Chen Feng creía que una vez que Tang Long se volviera más fuerte, sus logros no serían menores que los de Dezi y Hei Zi.
Tan pronto como llegó a casa, vio a Lin Xiaoqi esperándolo con una mirada que auguraba problemas.
Ella había descubierto que la historia de Chen Feng sobre él y Lin Xinru de la noche anterior era falsa, simplemente tonterías suyas, incluso su prima lo había negado.
—Hey, ¿ambas hermosas damas están en casa?
¿No van a salir a divertirse?
—Chen Feng fingió amnesia, bromeando con la esperanza de desactivar la situación.
Lin Xiaoqi lo miró con una sonrisa fría, mientras que la mirada de Lin Xinru contenía una mezcla de emociones, como si estuviera dudando en hablar.
Lin Xiaoqi no captó su intento de cambiar de tema.
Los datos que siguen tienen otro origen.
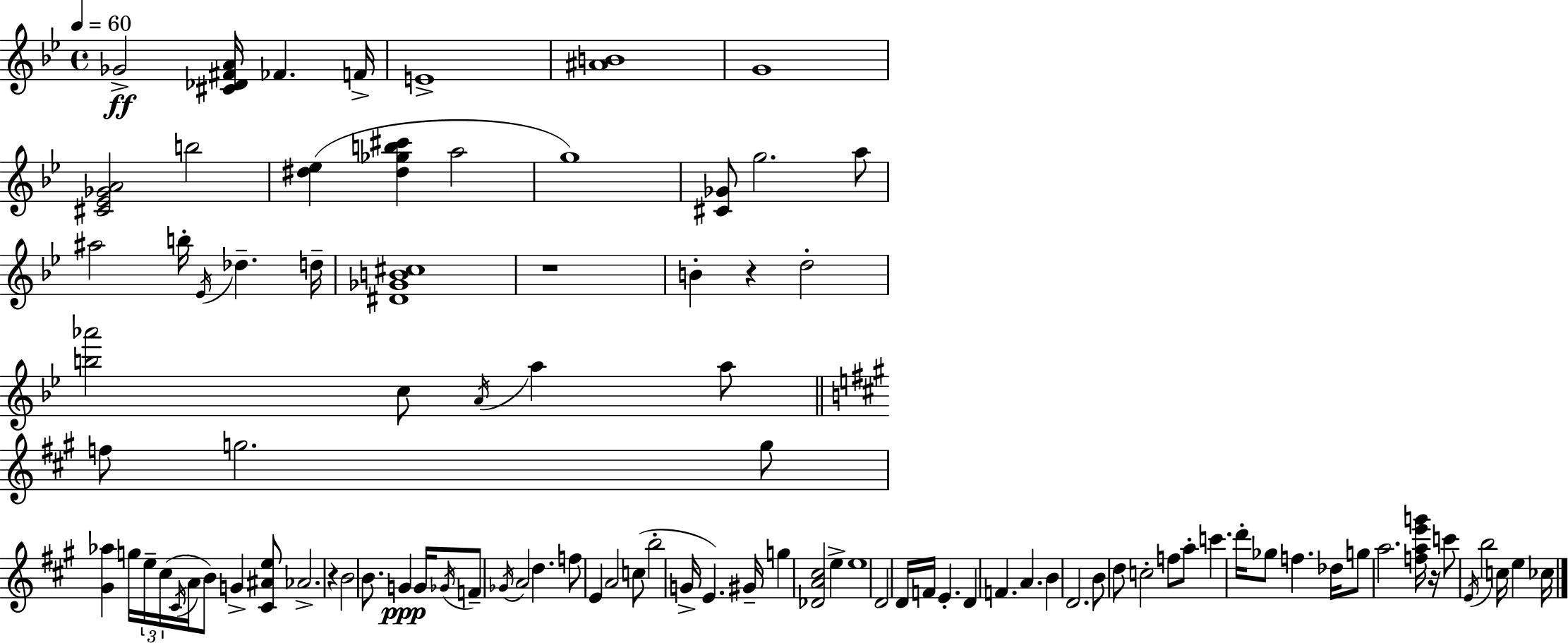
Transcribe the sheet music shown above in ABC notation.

X:1
T:Untitled
M:4/4
L:1/4
K:Gm
_G2 [^C_D^FA]/4 _F F/4 E4 [^AB]4 G4 [^C_E_GA]2 b2 [^d_e] [^d_gb^c'] a2 g4 [^C_G]/2 g2 a/2 ^a2 b/4 _E/4 _d d/4 [^D_GB^c]4 z4 B z d2 [b_a']2 c/2 A/4 a a/2 f/2 g2 g/2 [^G_a] g/4 e/4 ^c/4 ^C/4 A/4 B/2 G [^C^Ae]/2 _A2 z B2 B/2 G G/4 _G/4 F/2 _G/4 A2 d f/2 E A2 c/2 b2 G/4 E ^G/4 g [_DA^c]2 e e4 D2 D/4 F/4 E D F A B D2 B/2 d/2 c2 f/2 a/2 c' d'/4 _g/2 f _d/4 g/2 a2 [fae'g']/4 z/4 c'/2 E/4 b2 c/4 e _c/4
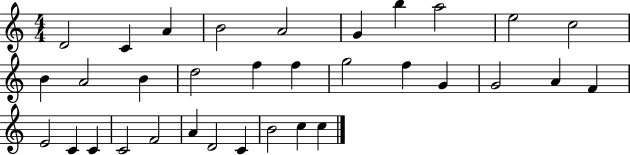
X:1
T:Untitled
M:4/4
L:1/4
K:C
D2 C A B2 A2 G b a2 e2 c2 B A2 B d2 f f g2 f G G2 A F E2 C C C2 F2 A D2 C B2 c c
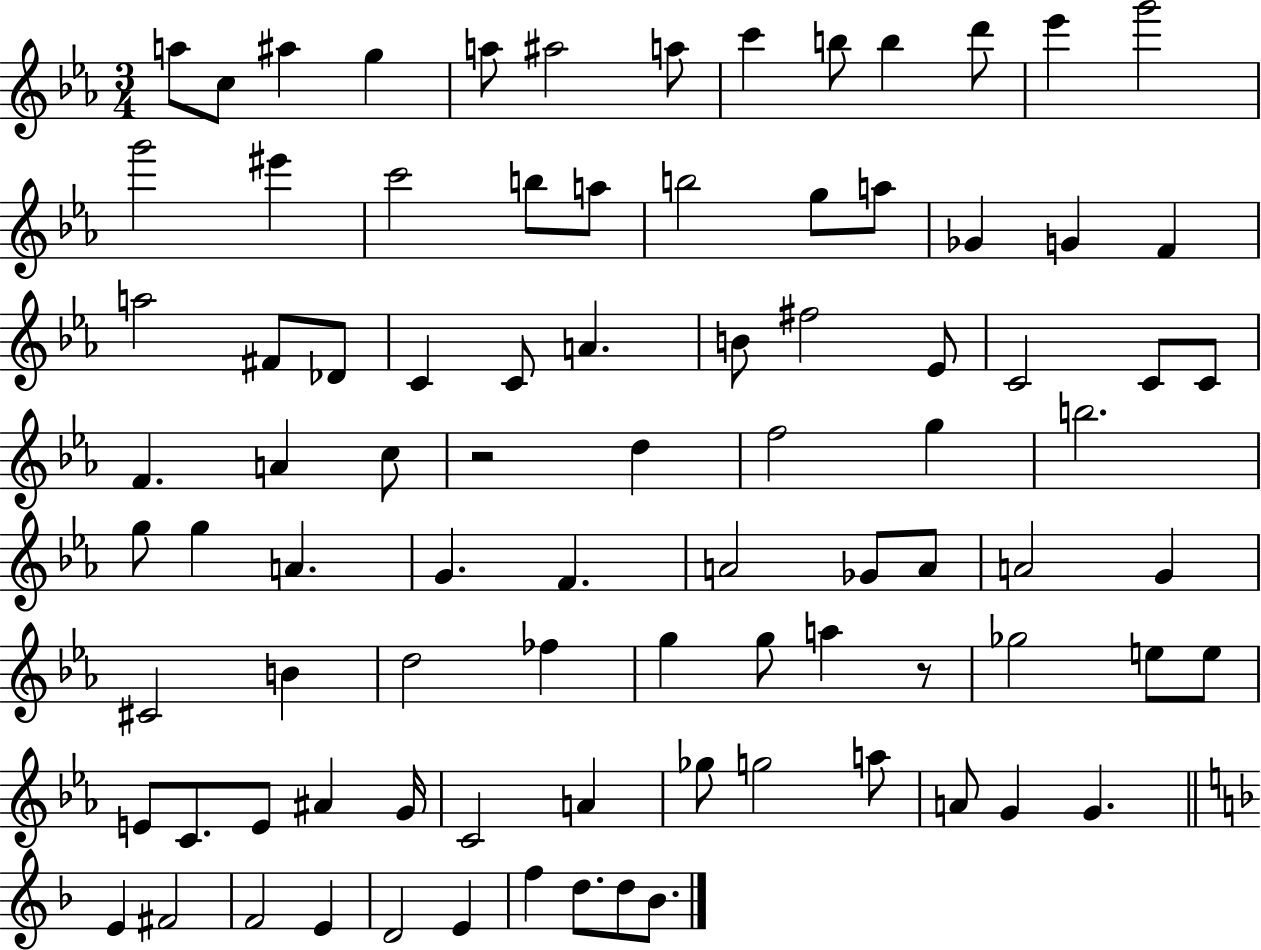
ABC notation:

X:1
T:Untitled
M:3/4
L:1/4
K:Eb
a/2 c/2 ^a g a/2 ^a2 a/2 c' b/2 b d'/2 _e' g'2 g'2 ^e' c'2 b/2 a/2 b2 g/2 a/2 _G G F a2 ^F/2 _D/2 C C/2 A B/2 ^f2 _E/2 C2 C/2 C/2 F A c/2 z2 d f2 g b2 g/2 g A G F A2 _G/2 A/2 A2 G ^C2 B d2 _f g g/2 a z/2 _g2 e/2 e/2 E/2 C/2 E/2 ^A G/4 C2 A _g/2 g2 a/2 A/2 G G E ^F2 F2 E D2 E f d/2 d/2 _B/2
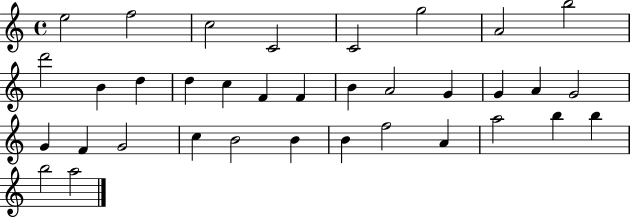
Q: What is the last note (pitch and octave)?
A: A5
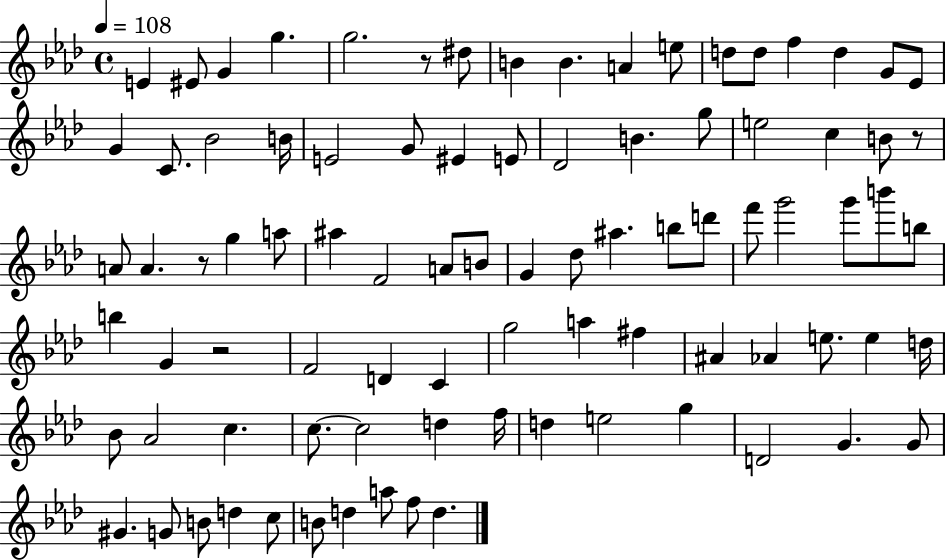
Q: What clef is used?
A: treble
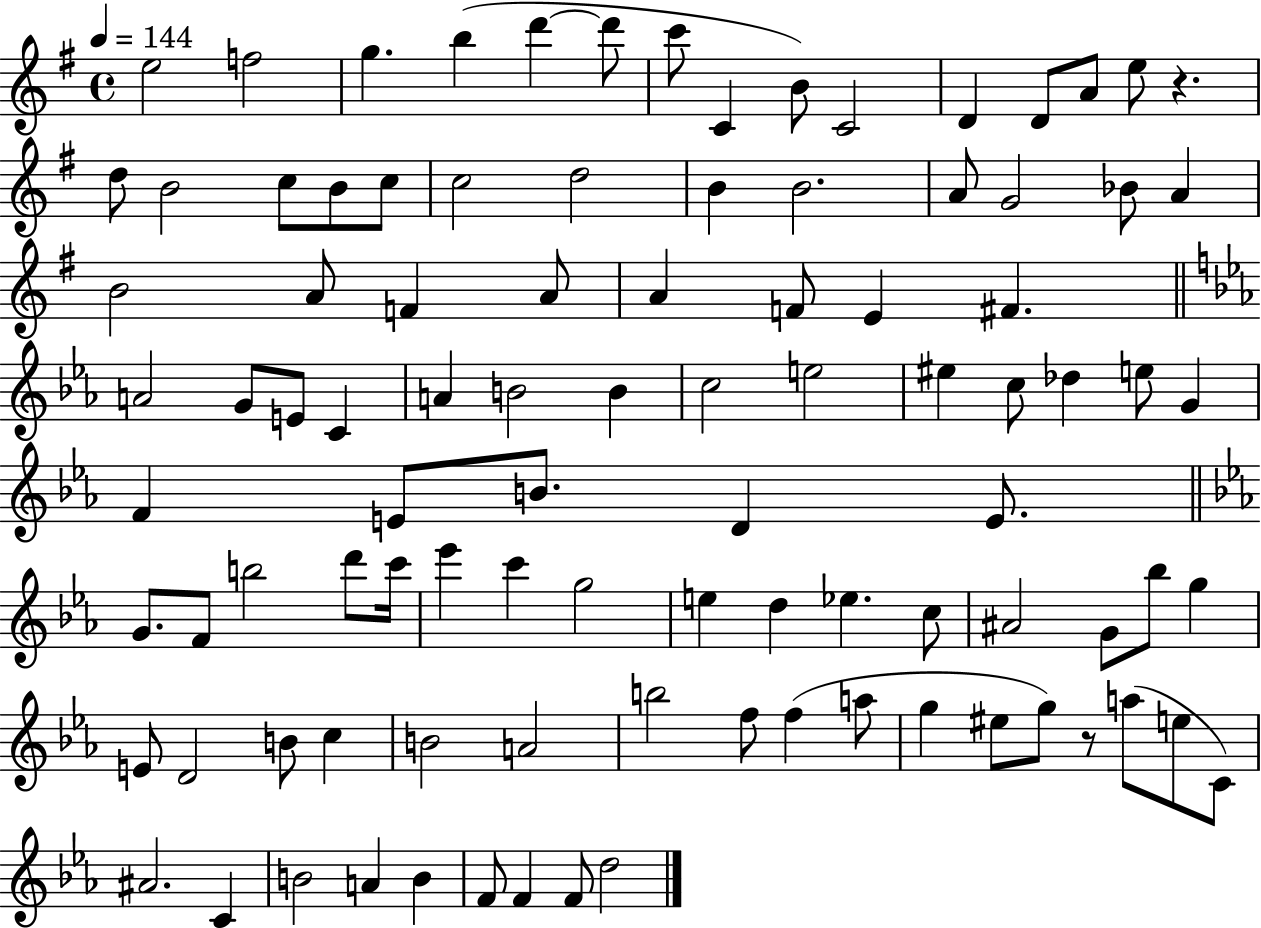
{
  \clef treble
  \time 4/4
  \defaultTimeSignature
  \key g \major
  \tempo 4 = 144
  \repeat volta 2 { e''2 f''2 | g''4. b''4( d'''4~~ d'''8 | c'''8 c'4 b'8) c'2 | d'4 d'8 a'8 e''8 r4. | \break d''8 b'2 c''8 b'8 c''8 | c''2 d''2 | b'4 b'2. | a'8 g'2 bes'8 a'4 | \break b'2 a'8 f'4 a'8 | a'4 f'8 e'4 fis'4. | \bar "||" \break \key ees \major a'2 g'8 e'8 c'4 | a'4 b'2 b'4 | c''2 e''2 | eis''4 c''8 des''4 e''8 g'4 | \break f'4 e'8 b'8. d'4 e'8. | \bar "||" \break \key ees \major g'8. f'8 b''2 d'''8 c'''16 | ees'''4 c'''4 g''2 | e''4 d''4 ees''4. c''8 | ais'2 g'8 bes''8 g''4 | \break e'8 d'2 b'8 c''4 | b'2 a'2 | b''2 f''8 f''4( a''8 | g''4 eis''8 g''8) r8 a''8( e''8 c'8) | \break ais'2. c'4 | b'2 a'4 b'4 | f'8 f'4 f'8 d''2 | } \bar "|."
}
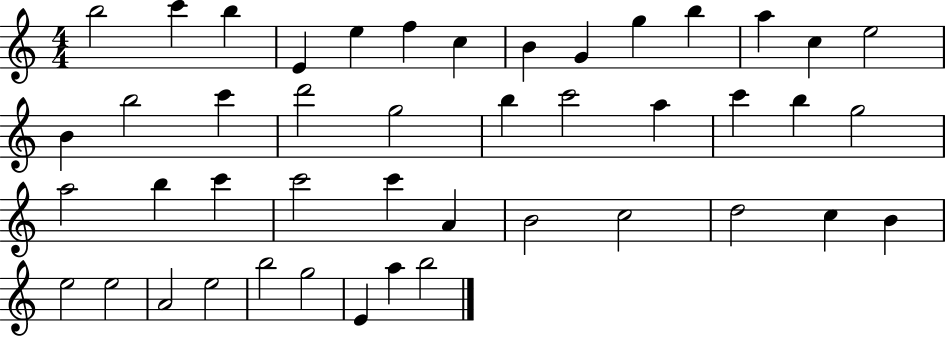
{
  \clef treble
  \numericTimeSignature
  \time 4/4
  \key c \major
  b''2 c'''4 b''4 | e'4 e''4 f''4 c''4 | b'4 g'4 g''4 b''4 | a''4 c''4 e''2 | \break b'4 b''2 c'''4 | d'''2 g''2 | b''4 c'''2 a''4 | c'''4 b''4 g''2 | \break a''2 b''4 c'''4 | c'''2 c'''4 a'4 | b'2 c''2 | d''2 c''4 b'4 | \break e''2 e''2 | a'2 e''2 | b''2 g''2 | e'4 a''4 b''2 | \break \bar "|."
}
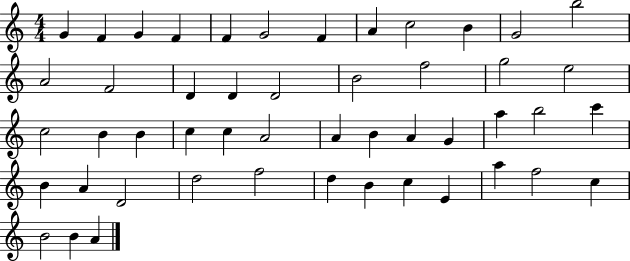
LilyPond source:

{
  \clef treble
  \numericTimeSignature
  \time 4/4
  \key c \major
  g'4 f'4 g'4 f'4 | f'4 g'2 f'4 | a'4 c''2 b'4 | g'2 b''2 | \break a'2 f'2 | d'4 d'4 d'2 | b'2 f''2 | g''2 e''2 | \break c''2 b'4 b'4 | c''4 c''4 a'2 | a'4 b'4 a'4 g'4 | a''4 b''2 c'''4 | \break b'4 a'4 d'2 | d''2 f''2 | d''4 b'4 c''4 e'4 | a''4 f''2 c''4 | \break b'2 b'4 a'4 | \bar "|."
}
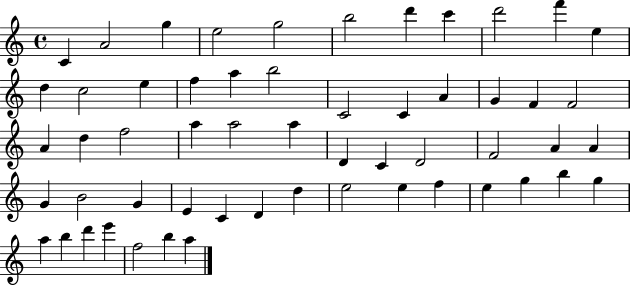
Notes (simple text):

C4/q A4/h G5/q E5/h G5/h B5/h D6/q C6/q D6/h F6/q E5/q D5/q C5/h E5/q F5/q A5/q B5/h C4/h C4/q A4/q G4/q F4/q F4/h A4/q D5/q F5/h A5/q A5/h A5/q D4/q C4/q D4/h F4/h A4/q A4/q G4/q B4/h G4/q E4/q C4/q D4/q D5/q E5/h E5/q F5/q E5/q G5/q B5/q G5/q A5/q B5/q D6/q E6/q F5/h B5/q A5/q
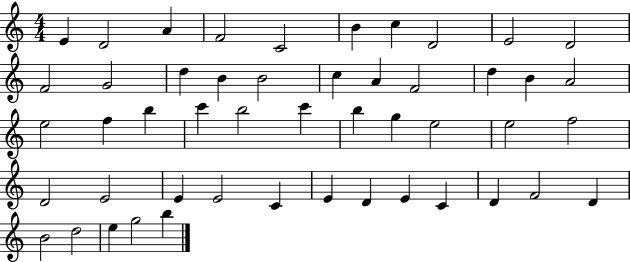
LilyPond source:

{
  \clef treble
  \numericTimeSignature
  \time 4/4
  \key c \major
  e'4 d'2 a'4 | f'2 c'2 | b'4 c''4 d'2 | e'2 d'2 | \break f'2 g'2 | d''4 b'4 b'2 | c''4 a'4 f'2 | d''4 b'4 a'2 | \break e''2 f''4 b''4 | c'''4 b''2 c'''4 | b''4 g''4 e''2 | e''2 f''2 | \break d'2 e'2 | e'4 e'2 c'4 | e'4 d'4 e'4 c'4 | d'4 f'2 d'4 | \break b'2 d''2 | e''4 g''2 b''4 | \bar "|."
}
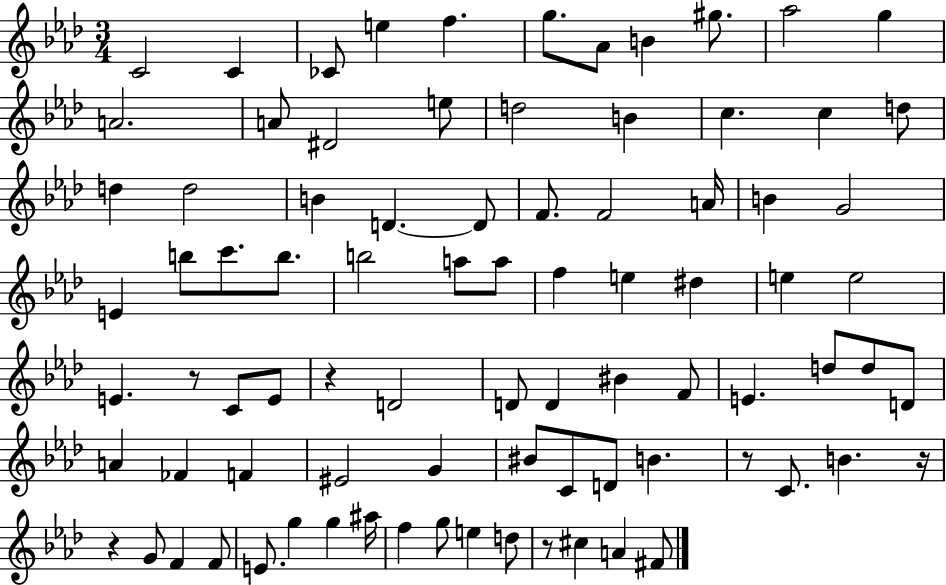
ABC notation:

X:1
T:Untitled
M:3/4
L:1/4
K:Ab
C2 C _C/2 e f g/2 _A/2 B ^g/2 _a2 g A2 A/2 ^D2 e/2 d2 B c c d/2 d d2 B D D/2 F/2 F2 A/4 B G2 E b/2 c'/2 b/2 b2 a/2 a/2 f e ^d e e2 E z/2 C/2 E/2 z D2 D/2 D ^B F/2 E d/2 d/2 D/2 A _F F ^E2 G ^B/2 C/2 D/2 B z/2 C/2 B z/4 z G/2 F F/2 E/2 g g ^a/4 f g/2 e d/2 z/2 ^c A ^F/2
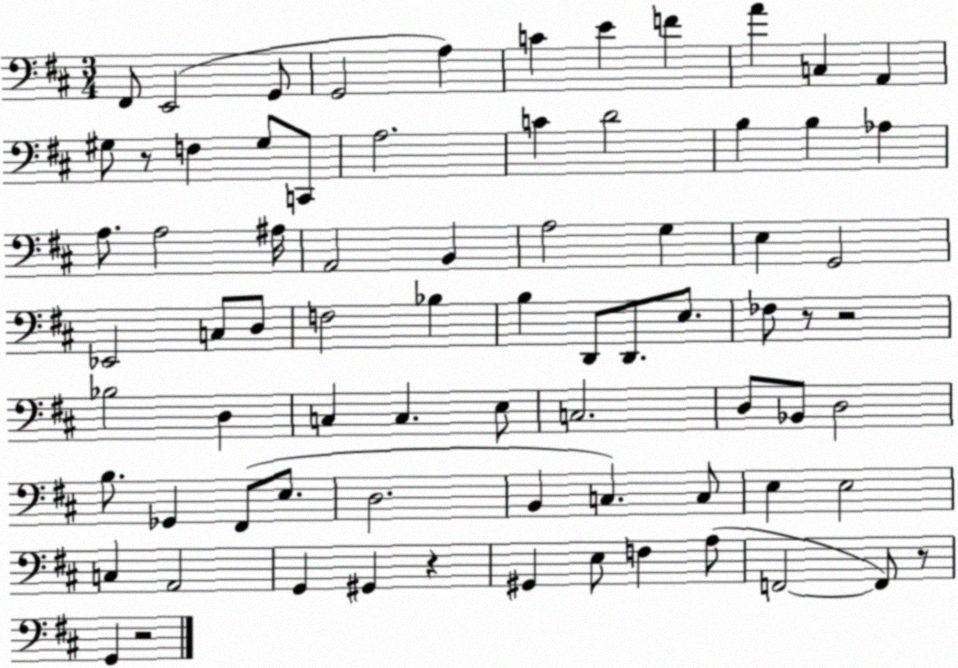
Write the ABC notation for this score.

X:1
T:Untitled
M:3/4
L:1/4
K:D
^F,,/2 E,,2 G,,/2 G,,2 A, C E F A C, A,, ^G,/2 z/2 F, ^G,/2 C,,/2 A,2 C D2 B, B, _A, A,/2 A,2 ^A,/4 A,,2 B,, A,2 G, E, G,,2 _E,,2 C,/2 D,/2 F,2 _B, B, D,,/2 D,,/2 E,/2 _F,/2 z/2 z2 _B,2 D, C, C, E,/2 C,2 D,/2 _B,,/2 D,2 B,/2 _G,, ^F,,/2 E,/2 D,2 B,, C, C,/2 E, E,2 C, A,,2 G,, ^G,, z ^G,, E,/2 F, A,/2 F,,2 F,,/2 z/2 G,, z2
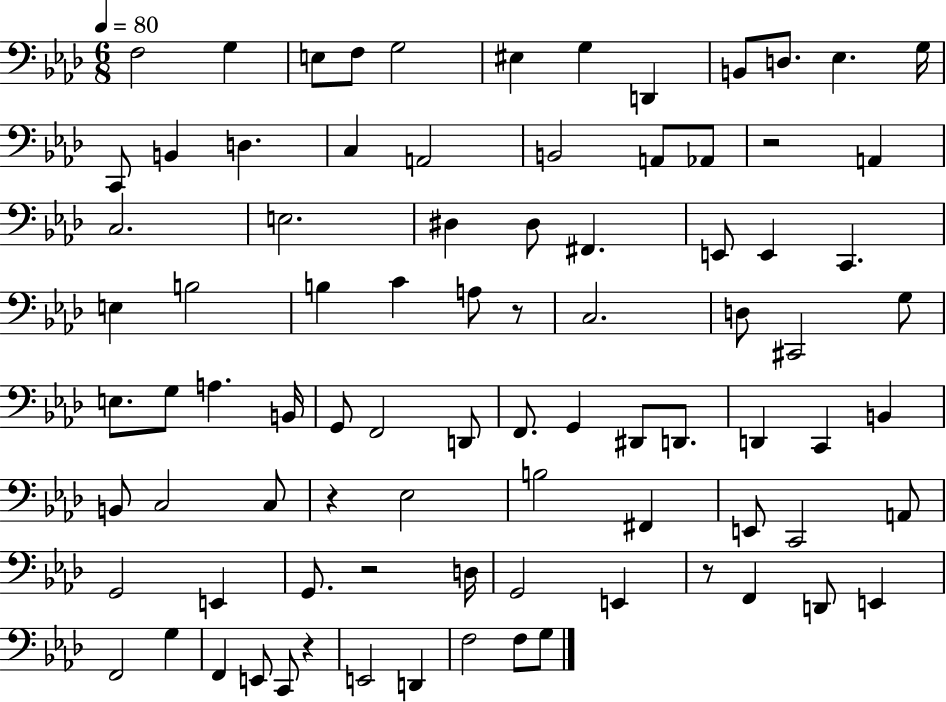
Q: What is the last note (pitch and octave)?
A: G3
Esta táctica no funcionaría, ¿verdad?
Chen Feng rápidamente cambió su enfoque.
—Oh, esposa, el Oficial Sima me dijo que casi tuviste un accidente ayer.
¿Estás herida?
He estado muy preocupado —desvió Chen Feng.
Frente a su prima, el rostro de Lin Xinru se sonrojó al ser llamada ‘esposa’ y ante su muestra de preocupación.
Inusualmente, no lo refutó como siempre lo había hecho y de hecho se sintió extrañamente conmovida.
Al borde de la muerte el día anterior, se encontró pensando en Chen Feng, el hombre que siempre afirmaba despreciar.
—¿Qué?
Prima, ¿estuviste en problemas ayer?
¿Qué pasó?
¿Cómo es que no lo sé?
—Solo Lin Xiaoqi desconocía el incidente del día anterior cuando Lin Xinru fue tomada como rehén por un asesino.
Ignoró su cuestionamiento a Chen Feng y preguntó con preocupación.
—No es nada, estoy bien ahora, ¿no?
No escuches sus tonterías.
Lin Xinru no quería que su prima se preocupara o le contara a su padre sobre el incidente.
Miró de reojo a Chen Feng y luego bajó la mirada, en silencio.
—Eso es bueno, eso es bueno.
Muy bien entonces, ustedes dos hermanas no se han visto en mucho tiempo, tengan una buena charla.
Yo iré arriba —dijo Chen Feng, sintiéndose un poco culpable.
De hecho, el Oficial Sima no había dicho nada de esto; él estaba al tanto porque había estado vigilando a Lin Xinru.
—Cuñado…
espera un momento, ¿vas a irte así sin más?
—exclamó Lin Xiaoqi al verlo escapar.